-- Exercise aim --
Copy out the data exactly, leaving the pictures behind.

-- Supplied material --
--- START ---

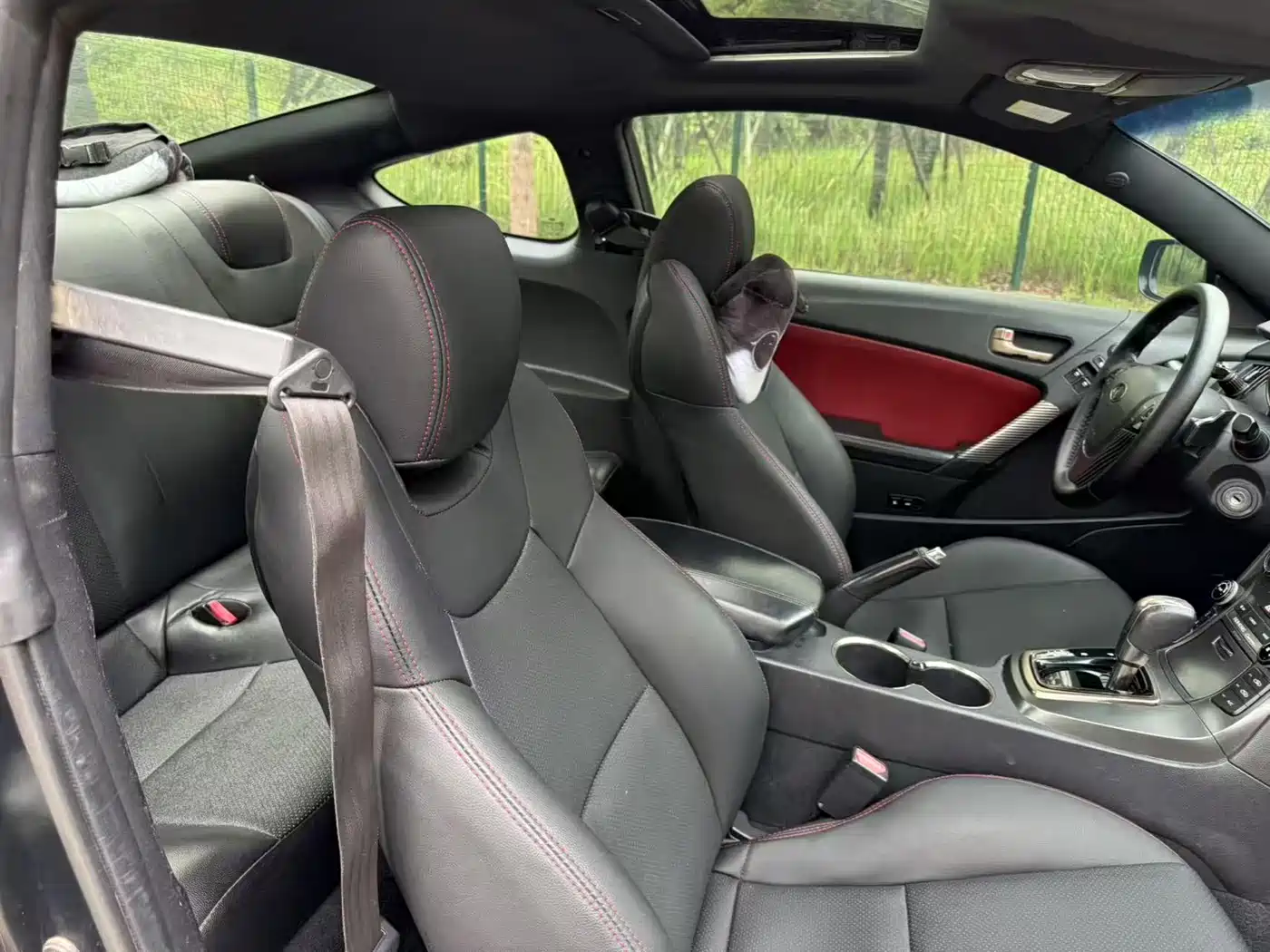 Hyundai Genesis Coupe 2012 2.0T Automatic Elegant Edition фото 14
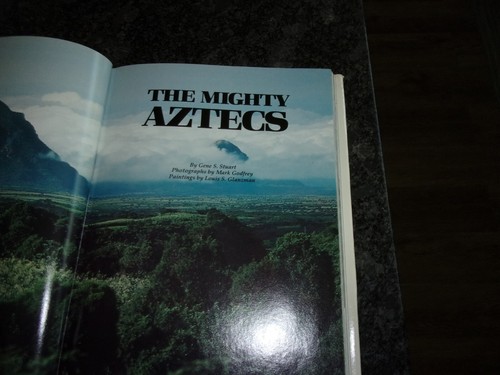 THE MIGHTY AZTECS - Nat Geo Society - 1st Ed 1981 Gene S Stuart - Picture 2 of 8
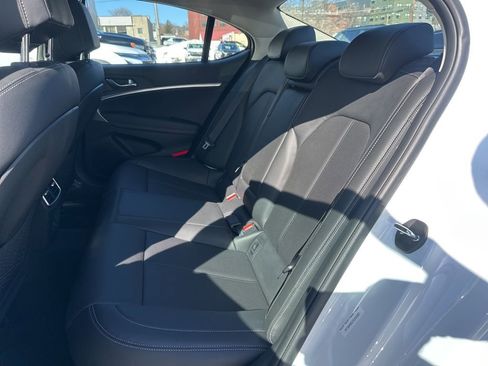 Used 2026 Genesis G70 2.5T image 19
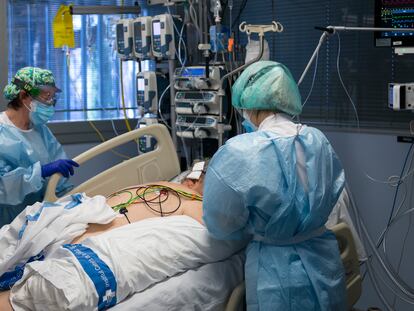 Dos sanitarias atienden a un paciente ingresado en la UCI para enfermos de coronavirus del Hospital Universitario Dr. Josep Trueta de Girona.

--- END ---

-- Result for this task --
 Hyundai Genesis Coupe 2012 2.0T Automatic Elegant Edition фото 14
 THE MIGHTY AZTECS - Nat Geo Society - 1st Ed 1981 Gene S Stuart - Picture 2 of 8
 Used 2026 Genesis G70 2.5T image 19
 Dos sanitarias atienden a un paciente ingresado en la UCI para enfermos de coronavirus del Hospital Universitario Dr. Josep Trueta de Girona.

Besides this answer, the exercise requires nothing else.